_EXERCISE DETAILS_
Could you copy every record below exactly as it stands?

━━ INPUT

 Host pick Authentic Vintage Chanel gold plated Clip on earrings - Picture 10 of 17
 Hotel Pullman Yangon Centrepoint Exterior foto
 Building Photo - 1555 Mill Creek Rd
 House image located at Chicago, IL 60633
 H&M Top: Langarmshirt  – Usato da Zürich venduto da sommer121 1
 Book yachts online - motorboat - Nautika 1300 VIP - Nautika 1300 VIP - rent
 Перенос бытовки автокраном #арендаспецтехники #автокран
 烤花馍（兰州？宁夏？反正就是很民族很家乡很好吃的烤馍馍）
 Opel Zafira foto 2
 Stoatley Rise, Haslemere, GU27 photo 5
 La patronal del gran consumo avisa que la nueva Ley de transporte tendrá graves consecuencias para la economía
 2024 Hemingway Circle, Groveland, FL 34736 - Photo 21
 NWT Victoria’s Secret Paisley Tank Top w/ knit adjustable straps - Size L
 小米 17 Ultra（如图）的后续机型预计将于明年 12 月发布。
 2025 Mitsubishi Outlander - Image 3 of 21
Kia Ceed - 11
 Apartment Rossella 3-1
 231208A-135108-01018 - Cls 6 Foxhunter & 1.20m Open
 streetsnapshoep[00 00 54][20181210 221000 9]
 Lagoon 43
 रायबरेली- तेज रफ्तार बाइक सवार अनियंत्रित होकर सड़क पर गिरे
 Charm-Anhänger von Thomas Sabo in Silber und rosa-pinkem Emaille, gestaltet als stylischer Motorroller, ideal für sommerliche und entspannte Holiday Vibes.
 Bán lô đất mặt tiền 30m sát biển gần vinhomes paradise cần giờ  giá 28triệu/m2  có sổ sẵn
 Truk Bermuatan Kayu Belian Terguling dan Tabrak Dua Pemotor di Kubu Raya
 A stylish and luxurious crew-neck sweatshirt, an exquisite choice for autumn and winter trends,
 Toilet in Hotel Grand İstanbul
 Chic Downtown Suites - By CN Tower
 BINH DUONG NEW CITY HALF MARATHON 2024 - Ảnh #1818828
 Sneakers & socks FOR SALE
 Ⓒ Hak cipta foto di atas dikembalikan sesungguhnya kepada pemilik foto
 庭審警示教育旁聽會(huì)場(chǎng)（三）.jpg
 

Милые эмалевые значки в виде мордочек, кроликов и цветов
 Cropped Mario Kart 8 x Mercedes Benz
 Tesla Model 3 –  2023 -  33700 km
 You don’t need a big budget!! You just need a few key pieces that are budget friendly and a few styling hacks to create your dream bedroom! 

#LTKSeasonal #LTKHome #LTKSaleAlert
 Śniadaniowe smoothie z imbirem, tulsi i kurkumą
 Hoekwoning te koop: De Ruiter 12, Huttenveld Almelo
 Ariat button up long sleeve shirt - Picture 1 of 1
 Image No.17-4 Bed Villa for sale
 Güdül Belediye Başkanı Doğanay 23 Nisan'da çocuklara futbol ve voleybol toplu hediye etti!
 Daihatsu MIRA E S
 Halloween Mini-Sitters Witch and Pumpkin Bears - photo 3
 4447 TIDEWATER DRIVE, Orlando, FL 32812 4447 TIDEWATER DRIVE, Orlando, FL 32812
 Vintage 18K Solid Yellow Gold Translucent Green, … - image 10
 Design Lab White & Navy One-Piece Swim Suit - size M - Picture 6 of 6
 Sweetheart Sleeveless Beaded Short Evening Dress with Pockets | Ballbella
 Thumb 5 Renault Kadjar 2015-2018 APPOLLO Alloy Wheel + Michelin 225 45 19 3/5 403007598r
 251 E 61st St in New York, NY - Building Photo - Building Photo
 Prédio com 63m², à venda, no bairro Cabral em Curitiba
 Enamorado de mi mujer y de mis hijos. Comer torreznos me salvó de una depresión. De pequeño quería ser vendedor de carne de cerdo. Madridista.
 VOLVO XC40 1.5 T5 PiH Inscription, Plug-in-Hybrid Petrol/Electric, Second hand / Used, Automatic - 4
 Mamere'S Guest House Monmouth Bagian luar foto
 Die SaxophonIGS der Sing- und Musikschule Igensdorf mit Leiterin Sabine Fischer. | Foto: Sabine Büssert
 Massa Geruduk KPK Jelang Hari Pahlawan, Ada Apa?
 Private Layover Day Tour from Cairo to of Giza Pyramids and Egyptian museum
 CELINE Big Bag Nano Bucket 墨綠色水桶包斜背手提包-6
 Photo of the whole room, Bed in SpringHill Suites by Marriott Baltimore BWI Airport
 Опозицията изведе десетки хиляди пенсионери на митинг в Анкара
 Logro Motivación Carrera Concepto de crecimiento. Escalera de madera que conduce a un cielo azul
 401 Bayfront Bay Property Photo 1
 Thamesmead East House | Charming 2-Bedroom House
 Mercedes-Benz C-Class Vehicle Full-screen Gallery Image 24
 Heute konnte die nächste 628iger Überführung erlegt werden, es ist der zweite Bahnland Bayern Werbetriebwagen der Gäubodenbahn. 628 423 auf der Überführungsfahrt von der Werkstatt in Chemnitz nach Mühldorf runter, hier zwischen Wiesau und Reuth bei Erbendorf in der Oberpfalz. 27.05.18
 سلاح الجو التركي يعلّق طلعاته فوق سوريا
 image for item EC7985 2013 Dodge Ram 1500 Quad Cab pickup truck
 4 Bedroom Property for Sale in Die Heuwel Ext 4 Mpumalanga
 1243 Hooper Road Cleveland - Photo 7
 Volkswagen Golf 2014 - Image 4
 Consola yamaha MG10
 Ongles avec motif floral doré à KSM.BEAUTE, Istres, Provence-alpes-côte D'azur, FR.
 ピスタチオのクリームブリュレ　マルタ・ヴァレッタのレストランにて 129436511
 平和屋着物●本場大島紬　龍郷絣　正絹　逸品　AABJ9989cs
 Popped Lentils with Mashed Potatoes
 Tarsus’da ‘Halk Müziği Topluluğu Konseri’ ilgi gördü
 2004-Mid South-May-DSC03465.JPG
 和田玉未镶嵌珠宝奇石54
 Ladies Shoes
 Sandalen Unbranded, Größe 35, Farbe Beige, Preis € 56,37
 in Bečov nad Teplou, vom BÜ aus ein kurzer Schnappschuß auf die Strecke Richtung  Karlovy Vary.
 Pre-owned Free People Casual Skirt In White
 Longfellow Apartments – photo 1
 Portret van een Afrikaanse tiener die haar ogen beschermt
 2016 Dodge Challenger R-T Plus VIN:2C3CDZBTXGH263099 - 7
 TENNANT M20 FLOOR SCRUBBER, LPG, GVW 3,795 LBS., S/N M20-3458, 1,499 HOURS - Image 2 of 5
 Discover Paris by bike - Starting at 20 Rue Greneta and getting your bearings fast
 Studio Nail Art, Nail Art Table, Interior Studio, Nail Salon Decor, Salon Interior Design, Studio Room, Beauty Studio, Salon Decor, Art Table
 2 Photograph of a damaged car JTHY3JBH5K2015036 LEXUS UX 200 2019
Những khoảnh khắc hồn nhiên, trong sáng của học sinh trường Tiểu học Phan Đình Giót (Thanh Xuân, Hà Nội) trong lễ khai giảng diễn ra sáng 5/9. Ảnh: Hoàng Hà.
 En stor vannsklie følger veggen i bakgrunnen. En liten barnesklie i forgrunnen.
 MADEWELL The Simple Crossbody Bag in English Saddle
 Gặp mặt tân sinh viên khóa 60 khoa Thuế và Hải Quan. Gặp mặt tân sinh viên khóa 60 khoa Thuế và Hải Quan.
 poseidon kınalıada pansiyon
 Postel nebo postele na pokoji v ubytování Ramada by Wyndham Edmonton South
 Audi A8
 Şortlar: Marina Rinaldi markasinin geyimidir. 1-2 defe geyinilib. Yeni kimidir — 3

━━━━

_ANSWER BOX_
 Host pick Authentic Vintage Chanel gold plated Clip on earrings - Picture 10 of 17
 Hotel Pullman Yangon Centrepoint Exterior foto
 Building Photo - 1555 Mill Creek Rd
 House image located at Chicago, IL 60633
 H&M Top: Langarmshirt  – Usato da Zürich venduto da sommer121 1
 Book yachts online - motorboat - Nautika 1300 VIP - Nautika 1300 VIP - rent
 Перенос бытовки автокраном #арендаспецтехники #автокран
 烤花馍（兰州？宁夏？反正就是很民族很家乡很好吃的烤馍馍）
 Opel Zafira foto 2
 Stoatley Rise, Haslemere, GU27 photo 5
 La patronal del gran consumo avisa que la nueva Ley de transporte tendrá graves consecuencias para la economía
 2024 Hemingway Circle, Groveland, FL 34736 - Photo 21
 NWT Victoria’s Secret Paisley Tank Top w/ knit adjustable straps - Size L
 小米 17 Ultra（如图）的后续机型预计将于明年 12 月发布。
 2025 Mitsubishi Outlander - Image 3 of 21
Kia Ceed - 11
 Apartment Rossella 3-1
 231208A-135108-01018 - Cls 6 Foxhunter & 1.20m Open
 streetsnapshoep[00 00 54][20181210 221000 9]
 Lagoon 43
 रायबरेली- तेज रफ्तार बाइक सवार अनियंत्रित होकर सड़क पर गिरे
 Charm-Anhänger von Thomas Sabo in Silber und rosa-pinkem Emaille, gestaltet als stylischer Motorroller, ideal für sommerliche und entspannte Holiday Vibes.
 Bán lô đất mặt tiền 30m sát biển gần vinhomes paradise cần giờ  giá 28triệu/m2  có sổ sẵn
 Truk Bermuatan Kayu Belian Terguling dan Tabrak Dua Pemotor di Kubu Raya
 A stylish and luxurious crew-neck sweatshirt, an exquisite choice for autumn and winter trends,
 Toilet in Hotel Grand İstanbul
 Chic Downtown Suites - By CN Tower
 BINH DUONG NEW CITY HALF MARATHON 2024 - Ảnh #1818828
 Sneakers & socks FOR SALE
 Ⓒ Hak cipta foto di atas dikembalikan sesungguhnya kepada pemilik foto
 庭審警示教育旁聽會(huì)場(chǎng)（三）.jpg
 

Милые эмалевые значки в виде мордочек, кроликов и цветов
 Cropped Mario Kart 8 x Mercedes Benz
 Tesla Model 3 –  2023 -  33700 km
 You don’t need a big budget!! You just need a few key pieces that are budget friendly and a few styling hacks to create your dream bedroom! 

#LTKSeasonal #LTKHome #LTKSaleAlert
 Śniadaniowe smoothie z imbirem, tulsi i kurkumą
 Hoekwoning te koop: De Ruiter 12, Huttenveld Almelo
 Ariat button up long sleeve shirt - Picture 1 of 1
 Image No.17-4 Bed Villa for sale
 Güdül Belediye Başkanı Doğanay 23 Nisan'da çocuklara futbol ve voleybol toplu hediye etti!
 Daihatsu MIRA E S
 Halloween Mini-Sitters Witch and Pumpkin Bears - photo 3
 4447 TIDEWATER DRIVE, Orlando, FL 32812 4447 TIDEWATER DRIVE, Orlando, FL 32812
 Vintage 18K Solid Yellow Gold Translucent Green, … - image 10
 Design Lab White & Navy One-Piece Swim Suit - size M - Picture 6 of 6
 Sweetheart Sleeveless Beaded Short Evening Dress with Pockets | Ballbella
 Thumb 5 Renault Kadjar 2015-2018 APPOLLO Alloy Wheel + Michelin 225 45 19 3/5 403007598r
 251 E 61st St in New York, NY - Building Photo - Building Photo
 Prédio com 63m², à venda, no bairro Cabral em Curitiba
 Enamorado de mi mujer y de mis hijos. Comer torreznos me salvó de una depresión. De pequeño quería ser vendedor de carne de cerdo. Madridista.
 VOLVO XC40 1.5 T5 PiH Inscription, Plug-in-Hybrid Petrol/Electric, Second hand / Used, Automatic - 4
 Mamere'S Guest House Monmouth Bagian luar foto
 Die SaxophonIGS der Sing- und Musikschule Igensdorf mit Leiterin Sabine Fischer. | Foto: Sabine Büssert
 Massa Geruduk KPK Jelang Hari Pahlawan, Ada Apa?
 Private Layover Day Tour from Cairo to of Giza Pyramids and Egyptian museum
 CELINE Big Bag Nano Bucket 墨綠色水桶包斜背手提包-6
 Photo of the whole room, Bed in SpringHill Suites by Marriott Baltimore BWI Airport
 Опозицията изведе десетки хиляди пенсионери на митинг в Анкара
 Logro Motivación Carrera Concepto de crecimiento. Escalera de madera que conduce a un cielo azul
 401 Bayfront Bay Property Photo 1
 Thamesmead East House | Charming 2-Bedroom House
 Mercedes-Benz C-Class Vehicle Full-screen Gallery Image 24
 Heute konnte die nächste 628iger Überführung erlegt werden, es ist der zweite Bahnland Bayern Werbetriebwagen der Gäubodenbahn. 628 423 auf der Überführungsfahrt von der Werkstatt in Chemnitz nach Mühldorf runter, hier zwischen Wiesau und Reuth bei Erbendorf in der Oberpfalz. 27.05.18
 سلاح الجو التركي يعلّق طلعاته فوق سوريا
 image for item EC7985 2013 Dodge Ram 1500 Quad Cab pickup truck
 4 Bedroom Property for Sale in Die Heuwel Ext 4 Mpumalanga
 1243 Hooper Road Cleveland - Photo 7
 Volkswagen Golf 2014 - Image 4
 Consola yamaha MG10
 Ongles avec motif floral doré à KSM.BEAUTE, Istres, Provence-alpes-côte D'azur, FR.
 ピスタチオのクリームブリュレ　マルタ・ヴァレッタのレストランにて 129436511
 平和屋着物●本場大島紬　龍郷絣　正絹　逸品　AABJ9989cs
 Popped Lentils with Mashed Potatoes
 Tarsus’da ‘Halk Müziği Topluluğu Konseri’ ilgi gördü
 2004-Mid South-May-DSC03465.JPG
 和田玉未镶嵌珠宝奇石54
 Ladies Shoes
 Sandalen Unbranded, Größe 35, Farbe Beige, Preis € 56,37
 in Bečov nad Teplou, vom BÜ aus ein kurzer Schnappschuß auf die Strecke Richtung  Karlovy Vary.
 Pre-owned Free People Casual Skirt In White
 Longfellow Apartments – photo 1
 Portret van een Afrikaanse tiener die haar ogen beschermt
 2016 Dodge Challenger R-T Plus VIN:2C3CDZBTXGH263099 - 7
 TENNANT M20 FLOOR SCRUBBER, LPG, GVW 3,795 LBS., S/N M20-3458, 1,499 HOURS - Image 2 of 5
 Discover Paris by bike - Starting at 20 Rue Greneta and getting your bearings fast
 Studio Nail Art, Nail Art Table, Interior Studio, Nail Salon Decor, Salon Interior Design, Studio Room, Beauty Studio, Salon Decor, Art Table
 2 Photograph of a damaged car JTHY3JBH5K2015036 LEXUS UX 200 2019
Những khoảnh khắc hồn nhiên, trong sáng của học sinh trường Tiểu học Phan Đình Giót (Thanh Xuân, Hà Nội) trong lễ khai giảng diễn ra sáng 5/9. Ảnh: Hoàng Hà.
 En stor vannsklie følger veggen i bakgrunnen. En liten barnesklie i forgrunnen.
 MADEWELL The Simple Crossbody Bag in English Saddle
 Gặp mặt tân sinh viên khóa 60 khoa Thuế và Hải Quan. Gặp mặt tân sinh viên khóa 60 khoa Thuế và Hải Quan.
 poseidon kınalıada pansiyon
 Postel nebo postele na pokoji v ubytování Ramada by Wyndham Edmonton South
 Audi A8
 Şortlar: Marina Rinaldi markasinin geyimidir. 1-2 defe geyinilib. Yeni kimidir — 3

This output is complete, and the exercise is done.